Caption-style text data:
::::

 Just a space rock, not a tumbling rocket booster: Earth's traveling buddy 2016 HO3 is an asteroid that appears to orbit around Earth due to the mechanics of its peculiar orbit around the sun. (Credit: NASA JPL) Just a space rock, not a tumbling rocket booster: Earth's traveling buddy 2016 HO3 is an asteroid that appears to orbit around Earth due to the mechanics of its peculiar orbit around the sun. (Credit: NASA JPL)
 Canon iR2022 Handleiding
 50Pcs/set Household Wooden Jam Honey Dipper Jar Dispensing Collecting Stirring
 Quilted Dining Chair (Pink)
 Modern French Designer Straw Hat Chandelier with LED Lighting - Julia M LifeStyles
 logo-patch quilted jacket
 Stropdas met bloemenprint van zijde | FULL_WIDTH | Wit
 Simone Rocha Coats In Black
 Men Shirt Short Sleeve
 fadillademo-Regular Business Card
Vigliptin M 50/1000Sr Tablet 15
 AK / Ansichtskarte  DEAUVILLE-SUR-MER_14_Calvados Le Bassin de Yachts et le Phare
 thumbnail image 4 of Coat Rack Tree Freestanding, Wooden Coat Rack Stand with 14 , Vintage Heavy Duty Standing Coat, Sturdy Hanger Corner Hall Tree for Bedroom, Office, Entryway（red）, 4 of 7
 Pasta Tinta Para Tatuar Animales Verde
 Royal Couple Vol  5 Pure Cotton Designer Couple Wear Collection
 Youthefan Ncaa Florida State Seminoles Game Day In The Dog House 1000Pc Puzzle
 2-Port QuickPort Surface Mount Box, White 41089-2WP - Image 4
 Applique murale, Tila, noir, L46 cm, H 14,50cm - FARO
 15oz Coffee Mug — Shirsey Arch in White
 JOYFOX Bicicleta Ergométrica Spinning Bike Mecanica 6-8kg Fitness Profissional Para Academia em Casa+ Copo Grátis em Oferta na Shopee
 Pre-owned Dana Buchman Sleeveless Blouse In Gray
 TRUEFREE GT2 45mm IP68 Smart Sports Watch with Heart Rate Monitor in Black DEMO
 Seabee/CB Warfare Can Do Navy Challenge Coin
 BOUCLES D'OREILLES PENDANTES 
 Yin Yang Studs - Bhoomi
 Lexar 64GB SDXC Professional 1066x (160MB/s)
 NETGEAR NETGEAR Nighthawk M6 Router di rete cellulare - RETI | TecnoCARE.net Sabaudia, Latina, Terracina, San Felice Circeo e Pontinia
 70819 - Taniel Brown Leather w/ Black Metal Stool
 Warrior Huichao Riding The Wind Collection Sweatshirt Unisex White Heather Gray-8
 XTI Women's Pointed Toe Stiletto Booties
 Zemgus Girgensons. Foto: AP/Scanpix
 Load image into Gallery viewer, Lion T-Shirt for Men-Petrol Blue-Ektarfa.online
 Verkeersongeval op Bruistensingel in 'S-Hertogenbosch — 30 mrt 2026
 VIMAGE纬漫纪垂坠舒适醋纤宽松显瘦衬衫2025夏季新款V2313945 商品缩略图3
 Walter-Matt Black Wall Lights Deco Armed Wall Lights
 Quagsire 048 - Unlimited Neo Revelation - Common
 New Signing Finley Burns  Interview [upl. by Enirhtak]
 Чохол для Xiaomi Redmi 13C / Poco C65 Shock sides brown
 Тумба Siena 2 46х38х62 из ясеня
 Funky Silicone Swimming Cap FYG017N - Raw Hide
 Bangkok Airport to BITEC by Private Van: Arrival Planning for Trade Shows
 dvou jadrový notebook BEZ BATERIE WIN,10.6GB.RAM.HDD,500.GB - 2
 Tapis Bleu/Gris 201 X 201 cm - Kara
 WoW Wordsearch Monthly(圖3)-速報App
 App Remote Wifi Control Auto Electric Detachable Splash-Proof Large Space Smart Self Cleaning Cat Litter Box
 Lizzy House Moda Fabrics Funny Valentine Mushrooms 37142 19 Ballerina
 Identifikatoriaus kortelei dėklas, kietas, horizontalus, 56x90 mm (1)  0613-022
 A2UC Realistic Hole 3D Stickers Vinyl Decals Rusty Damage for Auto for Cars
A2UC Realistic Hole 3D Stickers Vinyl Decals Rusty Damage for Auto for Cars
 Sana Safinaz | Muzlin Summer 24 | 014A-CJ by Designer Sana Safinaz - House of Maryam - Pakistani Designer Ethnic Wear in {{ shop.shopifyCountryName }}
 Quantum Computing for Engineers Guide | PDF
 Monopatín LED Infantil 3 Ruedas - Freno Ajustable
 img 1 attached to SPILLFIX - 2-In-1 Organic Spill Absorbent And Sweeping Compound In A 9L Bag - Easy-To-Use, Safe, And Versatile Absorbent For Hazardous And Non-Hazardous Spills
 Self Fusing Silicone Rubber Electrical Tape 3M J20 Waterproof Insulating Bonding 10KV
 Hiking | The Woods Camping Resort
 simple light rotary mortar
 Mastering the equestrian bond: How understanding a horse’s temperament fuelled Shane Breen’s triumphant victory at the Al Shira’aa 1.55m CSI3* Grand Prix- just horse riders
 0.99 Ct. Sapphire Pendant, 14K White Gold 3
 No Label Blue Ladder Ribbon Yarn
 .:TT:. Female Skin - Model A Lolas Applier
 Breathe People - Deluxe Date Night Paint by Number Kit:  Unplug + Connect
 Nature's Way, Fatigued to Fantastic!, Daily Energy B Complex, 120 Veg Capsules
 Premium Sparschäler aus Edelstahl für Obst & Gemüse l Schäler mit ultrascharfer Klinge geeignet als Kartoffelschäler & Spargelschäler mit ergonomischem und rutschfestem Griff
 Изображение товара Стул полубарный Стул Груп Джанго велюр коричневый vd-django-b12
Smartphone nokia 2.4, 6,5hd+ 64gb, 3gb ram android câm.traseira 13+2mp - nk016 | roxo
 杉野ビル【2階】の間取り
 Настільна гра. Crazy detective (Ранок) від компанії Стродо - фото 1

::::

Take the records above and write each one out again exactly.

SOLUTION BELOW:
 Just a space rock, not a tumbling rocket booster: Earth's traveling buddy 2016 HO3 is an asteroid that appears to orbit around Earth due to the mechanics of its peculiar orbit around the sun. (Credit: NASA JPL) Just a space rock, not a tumbling rocket booster: Earth's traveling buddy 2016 HO3 is an asteroid that appears to orbit around Earth due to the mechanics of its peculiar orbit around the sun. (Credit: NASA JPL)
 Canon iR2022 Handleiding
 50Pcs/set Household Wooden Jam Honey Dipper Jar Dispensing Collecting Stirring
 Quilted Dining Chair (Pink)
 Modern French Designer Straw Hat Chandelier with LED Lighting - Julia M LifeStyles
 logo-patch quilted jacket
 Stropdas met bloemenprint van zijde | FULL_WIDTH | Wit
 Simone Rocha Coats In Black
 Men Shirt Short Sleeve
 fadillademo-Regular Business Card
Vigliptin M 50/1000Sr Tablet 15
 AK / Ansichtskarte  DEAUVILLE-SUR-MER_14_Calvados Le Bassin de Yachts et le Phare
 thumbnail image 4 of Coat Rack Tree Freestanding, Wooden Coat Rack Stand with 14 , Vintage Heavy Duty Standing Coat, Sturdy Hanger Corner Hall Tree for Bedroom, Office, Entryway（red）, 4 of 7
 Pasta Tinta Para Tatuar Animales Verde
 Royal Couple Vol  5 Pure Cotton Designer Couple Wear Collection
 Youthefan Ncaa Florida State Seminoles Game Day In The Dog House 1000Pc Puzzle
 2-Port QuickPort Surface Mount Box, White 41089-2WP - Image 4
 Applique murale, Tila, noir, L46 cm, H 14,50cm - FARO
 15oz Coffee Mug — Shirsey Arch in White
 JOYFOX Bicicleta Ergométrica Spinning Bike Mecanica 6-8kg Fitness Profissional Para Academia em Casa+ Copo Grátis em Oferta na Shopee
 Pre-owned Dana Buchman Sleeveless Blouse In Gray
 TRUEFREE GT2 45mm IP68 Smart Sports Watch with Heart Rate Monitor in Black DEMO
 Seabee/CB Warfare Can Do Navy Challenge Coin
 BOUCLES D'OREILLES PENDANTES 
 Yin Yang Studs - Bhoomi
 Lexar 64GB SDXC Professional 1066x (160MB/s)
 NETGEAR NETGEAR Nighthawk M6 Router di rete cellulare - RETI | TecnoCARE.net Sabaudia, Latina, Terracina, San Felice Circeo e Pontinia
 70819 - Taniel Brown Leather w/ Black Metal Stool
 Warrior Huichao Riding The Wind Collection Sweatshirt Unisex White Heather Gray-8
 XTI Women's Pointed Toe Stiletto Booties
 Zemgus Girgensons. Foto: AP/Scanpix
 Load image into Gallery viewer, Lion T-Shirt for Men-Petrol Blue-Ektarfa.online
 Verkeersongeval op Bruistensingel in 'S-Hertogenbosch — 30 mrt 2026
 VIMAGE纬漫纪垂坠舒适醋纤宽松显瘦衬衫2025夏季新款V2313945 商品缩略图3
 Walter-Matt Black Wall Lights Deco Armed Wall Lights
 Quagsire 048 - Unlimited Neo Revelation - Common
 New Signing Finley Burns  Interview [upl. by Enirhtak]
 Чохол для Xiaomi Redmi 13C / Poco C65 Shock sides brown
 Тумба Siena 2 46х38х62 из ясеня
 Funky Silicone Swimming Cap FYG017N - Raw Hide
 Bangkok Airport to BITEC by Private Van: Arrival Planning for Trade Shows
 dvou jadrový notebook BEZ BATERIE WIN,10.6GB.RAM.HDD,500.GB - 2
 Tapis Bleu/Gris 201 X 201 cm - Kara
 WoW Wordsearch Monthly(圖3)-速報App
 App Remote Wifi Control Auto Electric Detachable Splash-Proof Large Space Smart Self Cleaning Cat Litter Box
 Lizzy House Moda Fabrics Funny Valentine Mushrooms 37142 19 Ballerina
 Identifikatoriaus kortelei dėklas, kietas, horizontalus, 56x90 mm (1)  0613-022
 A2UC Realistic Hole 3D Stickers Vinyl Decals Rusty Damage for Auto for Cars
A2UC Realistic Hole 3D Stickers Vinyl Decals Rusty Damage for Auto for Cars
 Sana Safinaz | Muzlin Summer 24 | 014A-CJ by Designer Sana Safinaz - House of Maryam - Pakistani Designer Ethnic Wear in {{ shop.shopifyCountryName }}
 Quantum Computing for Engineers Guide | PDF
 Monopatín LED Infantil 3 Ruedas - Freno Ajustable
 img 1 attached to SPILLFIX - 2-In-1 Organic Spill Absorbent And Sweeping Compound In A 9L Bag - Easy-To-Use, Safe, And Versatile Absorbent For Hazardous And Non-Hazardous Spills
 Self Fusing Silicone Rubber Electrical Tape 3M J20 Waterproof Insulating Bonding 10KV
 Hiking | The Woods Camping Resort
 simple light rotary mortar
 Mastering the equestrian bond: How understanding a horse’s temperament fuelled Shane Breen’s triumphant victory at the Al Shira’aa 1.55m CSI3* Grand Prix- just horse riders
 0.99 Ct. Sapphire Pendant, 14K White Gold 3
 No Label Blue Ladder Ribbon Yarn
 .:TT:. Female Skin - Model A Lolas Applier
 Breathe People - Deluxe Date Night Paint by Number Kit:  Unplug + Connect
 Nature's Way, Fatigued to Fantastic!, Daily Energy B Complex, 120 Veg Capsules
 Premium Sparschäler aus Edelstahl für Obst & Gemüse l Schäler mit ultrascharfer Klinge geeignet als Kartoffelschäler & Spargelschäler mit ergonomischem und rutschfestem Griff
 Изображение товара Стул полубарный Стул Груп Джанго велюр коричневый vd-django-b12
Smartphone nokia 2.4, 6,5hd+ 64gb, 3gb ram android câm.traseira 13+2mp - nk016 | roxo
 杉野ビル【2階】の間取り
 Настільна гра. Crazy detective (Ранок) від компанії Стродо - фото 1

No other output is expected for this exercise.